В два шага я пересек комнату. Мои руки внезапно оказались у нее в волосах, подтянули ее ко мне. Я прижал ее к себе, и наши губы встретились, языки сплелись; руки Клаудии скользнули по моей груди и легли мне на плечи, сжав их с поразительной силой, а потом она прервала поцелуй и оттолкнула меня. Почти задыхаясь, я поцеловал ее снова. На вкус она была как сигареты и дождь. Клаудия обхватила мое лицо руками и взглянула на меня с выражением, какое, как мне казалось до этого момента, не могло появиться на ее лице. Где-то в глубине ее существа все еще жили остатки невинности, уязвимости и желания.
– Не так грубо, – прошептала она. – Медленнее… нежнее. Вот так, так куда лучше.
Ее губы коснулись моих, ее язык нежно обвел нижнюю губу, прежде чем скользнуть мне в рот. Не разрывая объятий, я оторвал ее от пола, и ярость и безумие оставили меня, как кровь, вытекшая из свежей раны. На их месте осталась простая красота страсти двух напуганных и одиноких людей, изливающих свою скорбь, разменивающих ее на нежность, на надежду оказаться в безопасности, быть желанными и любимыми, нужными без всяких условий и границ, пусть даже ненадолго.
И в эту самую секунду я подумал о Тони. Но когда Клаудия обвила меня руками и ногами, мысль отступила, оставив только нас двоих.
Наедине, во мраке.
Глава 31
Я познакомился с Тони в старшей школе и тут же решил, что она самая красивая и нежная девушка в целом свете. Даже в подростковом возрасте мы были довольно циничными, и мгновенная и зачастую непомерная любовь, что мы почувствовали друг к другу, удивила меня. Но как у большинства пар, что знакомятся и остаются вместе в старшей школе, наши отношения были невероятно пылкими. Все восторги были особенно восторженными, горести – особенно горькими: типовой бурный роман. И вскоре после школы перед нами встал непростой выбор. Либо мы остаемся вместе и женимся, либо идем каждый своей дорогой, проверяя на прочность наши отношения и, в конечном итоге, самих себя. По нашим представлениям, если наша любовь истинная и ее существование предрешено, мы будем вместе так или иначе. И, как бы мучительно это ни было, мы решили, что лучше всего будет расстаться и какое-то время встречаться с другими людьми. Кто бы мог подумать, что через три года мы снова окажемся вместе, обручимся и поженимся годом позже. Находясь в разлуке, мы оба встречались и спали с другими людьми, но с момента обручения у меня была только Тони.

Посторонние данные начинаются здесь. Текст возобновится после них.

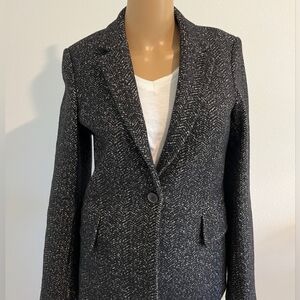 Beautiful Theory Herringbone Wool/Cotton Blend Blazer In Size 6 EUC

Встретив Клаудию, я и не подозревал, что в конце концов мы окажемся в одной постели. До этой ночи я ни о чем подобном даже не думал, ничего такого не желал; и, подозреваю, она чувствовала то же самое. Но в итоге мы оказались вместе. И кроме вины и сожалений в нашей близости, возникшей на краткое время среди фантастического мира демонов и кошмаров, как оазис в пустыне теней, были и острота ощущений, неподдельная чувственность и искреннее влечение.